Open Source Consultants UNITE Edit
Open Source Consultants Working Group
Guy Martin, Red Hat (Leader)
Jacob Reading, Drupal
Rich Sands, Black Duck
Jared Smith, Blue Host
Shawn Briscoe, Black Duck
Patrick Cozzi, AGI
Simon Phipps, OSI
Donnie Berkholtz, Red Monk
Dave Neary, Red Hat
Shawn Briscoe, Black Duck
Ideas paraphrased from note-taker, not actual quotes.
JR: Drupal has customers who want us to answer the question, "How do I engage with Open Source Software?"
GM: This is part of the problem we are trying to solve. The goal here is to create a community of Open Source Consultants answering this and similar questions.
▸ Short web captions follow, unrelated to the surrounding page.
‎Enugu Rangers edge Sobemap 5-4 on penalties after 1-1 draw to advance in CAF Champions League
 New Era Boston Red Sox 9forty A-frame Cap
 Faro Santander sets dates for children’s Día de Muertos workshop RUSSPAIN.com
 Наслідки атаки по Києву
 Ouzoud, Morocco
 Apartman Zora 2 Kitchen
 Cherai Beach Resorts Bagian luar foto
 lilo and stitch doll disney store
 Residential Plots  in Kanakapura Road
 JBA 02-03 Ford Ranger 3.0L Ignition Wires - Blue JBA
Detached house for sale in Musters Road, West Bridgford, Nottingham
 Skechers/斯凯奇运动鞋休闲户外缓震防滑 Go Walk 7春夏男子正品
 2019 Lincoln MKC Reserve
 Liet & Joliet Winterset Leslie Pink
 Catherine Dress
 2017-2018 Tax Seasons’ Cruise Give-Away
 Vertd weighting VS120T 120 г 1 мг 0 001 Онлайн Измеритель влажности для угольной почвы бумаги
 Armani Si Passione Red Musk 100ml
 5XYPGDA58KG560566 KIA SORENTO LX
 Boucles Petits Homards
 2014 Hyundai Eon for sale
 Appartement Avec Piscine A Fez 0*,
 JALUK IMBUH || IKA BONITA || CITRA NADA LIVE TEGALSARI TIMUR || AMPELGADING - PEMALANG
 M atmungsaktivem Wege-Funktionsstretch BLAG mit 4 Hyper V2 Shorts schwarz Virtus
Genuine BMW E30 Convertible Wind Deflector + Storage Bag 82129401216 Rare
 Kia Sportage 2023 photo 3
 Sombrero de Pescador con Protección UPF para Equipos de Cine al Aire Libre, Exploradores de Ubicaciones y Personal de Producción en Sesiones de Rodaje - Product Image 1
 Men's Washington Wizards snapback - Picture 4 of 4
We will contribute content to the community consisting of common, foundational, non-differentiating IP such as OSS 101 Training, Maturity Assessments, Legal References.
RS: Having spent time as a consultant, I understand the goal and desire, but what's in it for the consultants. The basic blocking & tackling is bread and butter to many.
GM: Customers find value in customization, deliveries and integration work specific to the client. If we come together we can spend less time on the pre-work and education. If potential customers find the community they will realize they need our help when they see the gap between where they are and where they should be. They could try to implement changes themselves with the content they find, however, they most likely will still require consultants if they run into trouble.
RS: The blocking and tackling work allows consultants 2 great things: 1) to build the initial relationship, and 2) to learn more about the client. Are we sure losing this is a good thing? How many hours of engagement will be lost?
JS: I see a need for the community. Blue Host wants to create OSS 101 training videos and we need a place to host them, and we want clients to be able to find them. The community could help us accomplish that.
PC: This is simply an open source business model. Wouldn't participation and visibility just create more momentum and thus more work for everyone?
SP: I want OSI to host a community like this that allows me a place to find business and to ask questions of my peers. OSI could do quality control or certification for Open Source Consultants. I'm afraid a wiki community will reduce my oppty for easy money.
SB: The question here is one of content. Is the content differentiating or not. We can all agree that things like OSS project maturity metrics and legal references are non-differentiating, I think. This is the kind of content that we can all contribute and benefit from. If we deem maturity assessments or training or such as differentiating, then we won't include it. Let's focus on material which we all agree is non-differentiating.
GM: Yes, the original intent is that content shared here would be no value-add to the customer without consultant customizations.
RS: Another thing to consider is that alot of knowledge consultants bring to the table is non-differentiating when it starts out. The consultant massages it to be meaningful to the client.
DB: I'm interested in contract templates being shared, and other business operational type documents, but I want them to be vetted of course.
GM: That is the type of foundational content - templates - that we had in mind. Stuff just for consultants to share.
SP: When this stuff is posted online, it is of value to me because it is attached to my brand. Clients find it and call me because they want me to explain or interpret it to them. I don't want to contribute my content to white label.
RS: We seem to be running into the Big Company vs. Sole Proprietor point of view. What isnt alot of $ and is tedious to the big company is often very important to the little guy.
PC: Wouldnt a wiki credit consultants for their contributions and thus increase visibility?
RS: NAPO, National organization for professional organizers allows you to go online and find an organizer for hire. It seems that this community could allow clients to find consultants in the same way.
DN: We must keep in mind that the community needs to be more than just a yellow pages - it should foster valuable participation which allows everyone to be better at their jobs.
SP: I want a peer group to interact with. Suggest a mailing list. Hopefully a closed community with some Cat and Mouse confidentiality - can talk about content without revealing the source. It should be ok to be stupid and ask questions. One should join through personal recommendation rather than being public. This would create trust attributes making it ok to join in. We want to avoid even the appearance of commoditizing our business.
DN: Has the conversation changed with clients, though? Is the old conversation less important as it matures?
SP: Often no. I think we should target those who should be members of the community rather than the content.
DN: FOSS Alliance - a co-op of consultants created to help refer business and join forces on bids. It never worked.
RS: This community CAN work in the right environment.
SP: There are examples of sales & marketing orgs in the UK who have no delivery arm/capability acting almost like a co-op.
JR: s/o must own and license the content
DN: Igalia is an example of a copmany with open source training modules in which content is licensed freely.
SP: OSS communities start with a seed - someone must seed them - there must already exist something there than benefits me in order to engage.
DB: There is content I will contribute but I would like attribution/accreditation.